START DATA EXCERPT

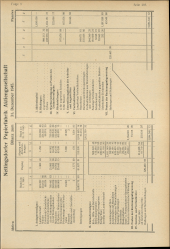 Amtliche Linzer Zeitung 19470228 Seite: 15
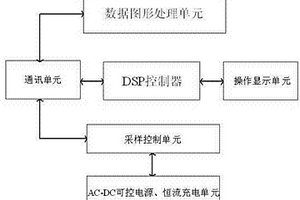 节能型锂离子电池智能化成设备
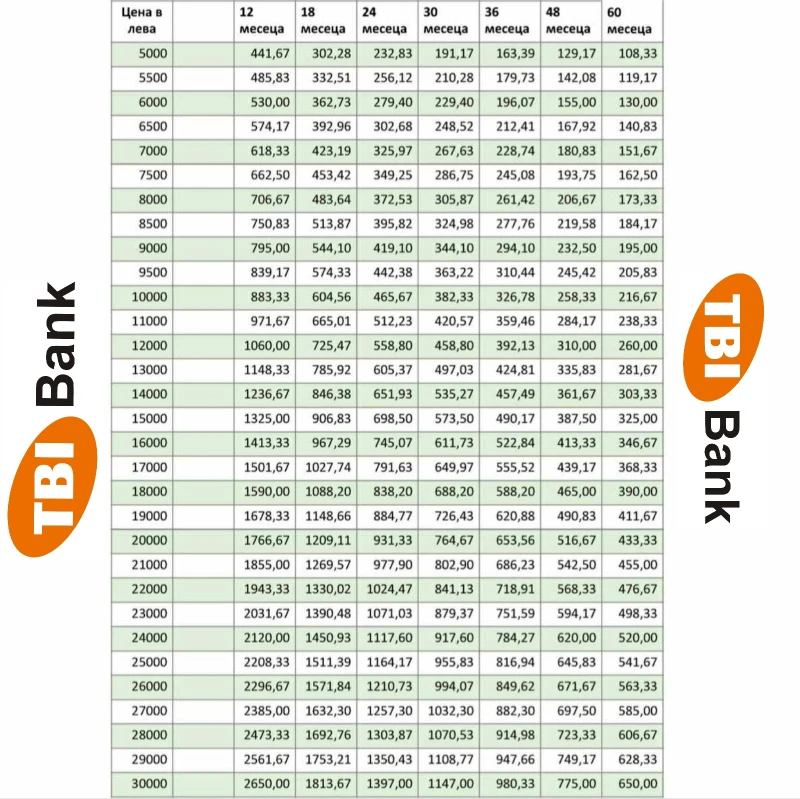 Toyota Yaris 1.4D4d * LIMITED EDITION* КЛИМАТИК* , снимка 14 - Автомобили и джипове - 51052741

END DATA EXCERPT

Return each line of the data, keeping its wording exact and omitting pictures.

 Amtliche Linzer Zeitung 19470228 Seite: 15
 节能型锂离子电池智能化成设备
 Toyota Yaris 1.4D4d * LIMITED EDITION* КЛИМАТИК* , снимка 14 - Автомобили и джипове - 51052741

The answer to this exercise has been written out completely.